Celia Larkin, also known as Cecilia Larkin, is a former Irish civil servant and was the partner of the Taoiseach Bertie Ahern. Since 2020 she has worked for Limerick City and County Council as Limerick City Centre Revitalisation Manager.

==Relationship with Bertie Ahern==
Their relationship ended in April 2003. Ahern is separated, though not divorced, from his wife Miriam. There was some controversy in the media at Ahern's public presentation of his partner. No other European Heads of Government had (at that time) similarly presented their partner at official engagements. Ahern was accused of hypocrisy in being associated with a woman other than his wife while being a practising Massgoer. The media discovered the couple had broken up when Larkin failed to co-host a diplomatic dinner for the visiting German Bundespräsident, although her name, along with that of the Taoiseach, was featured on the invitations.

During her relationship with Ahern, Larkin regularly served as his consort. She also occasionally engaged in civic functions in a private capacity. For example, she launched a high-speed ferry, the M.V. Jonathan Swift for Irish Ferries.

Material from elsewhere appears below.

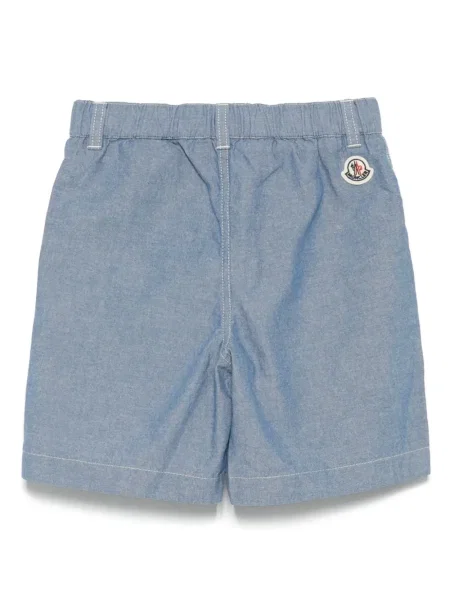 Szorty dziecięce Moncler Enfant niebieskie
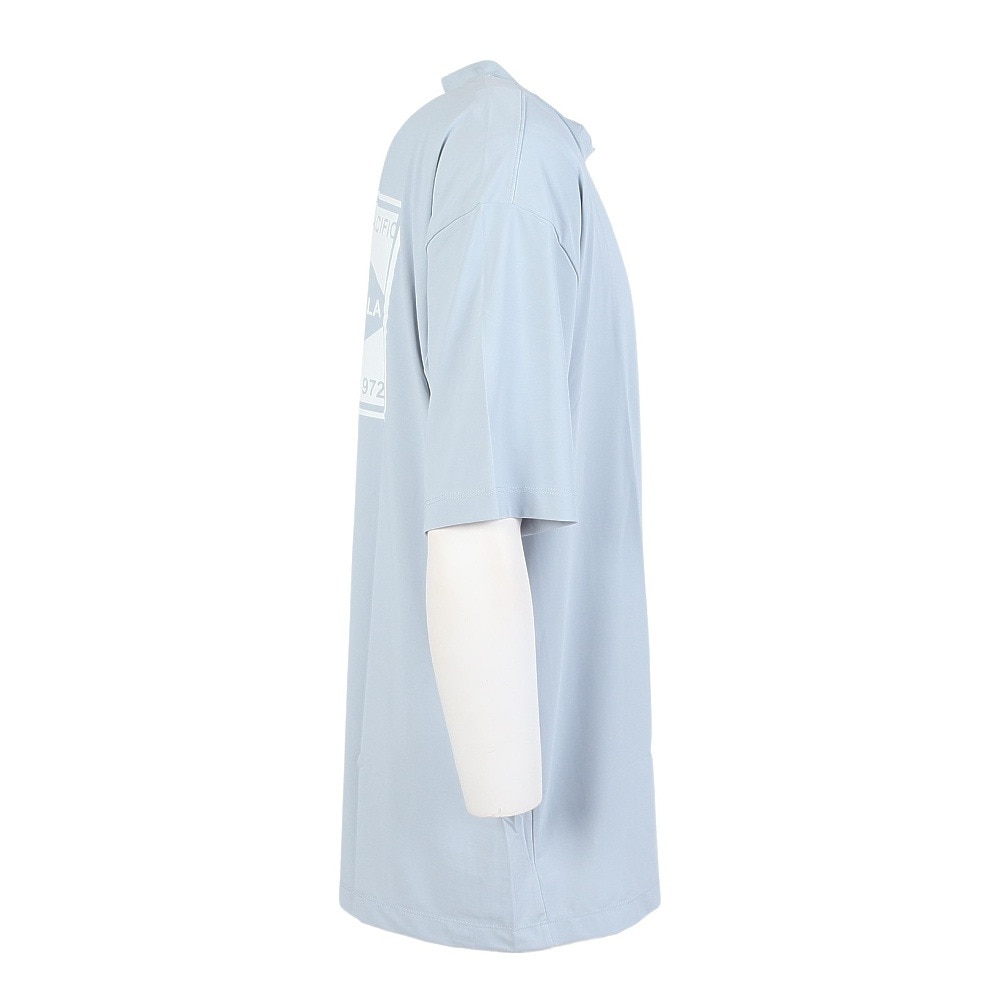 オーシャンパシフィック（Ocean Pacific）（メンズ）ラッシュガード 冷感UVTシャツ 515454BL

On 2 February 2008, it emerged at the Mahon Tribunal that a house was bought by Larkin in 1993, with money donated to Ahern's constituency organisation in Drumcondra. There was no documentation to back up this loan to Larkin or to prove around IR£30,000 in other expenditure from this account. Dublin businessman Tim Collins, has denied that Ahern was joint holder of the so-called BT account from which Larkin was loaned IR£30,000 without documentation to describe the loan agreement. Tim Collins denied that the BT account referred to Bertie and Tim, even though he operated a joint account with Des Richardson known as the DT account.

==Other activities==
Since parting with Ahern, she has expanded her chain of beauty salons, and has appeared on reality television, in an RTÉ show The Restaurant,.

In July 2005, Larkin was appointed to the board of the new National Consumer Agency, a government funded consumer watchdog.

As a mature student Larkin has graduated from the University of Limerick with a first class honors degree in Politics and International relations, graduating top of her class. She completed a post graduate course in University College London.

In 2016 she began worked for Thames Water in their HQ at Reading as External Affairs Manager. Now known as Cecilia Larkin, in 2020 she was appointed by Limerick City and County Council as Limerick City Centre Revitalisation Manager.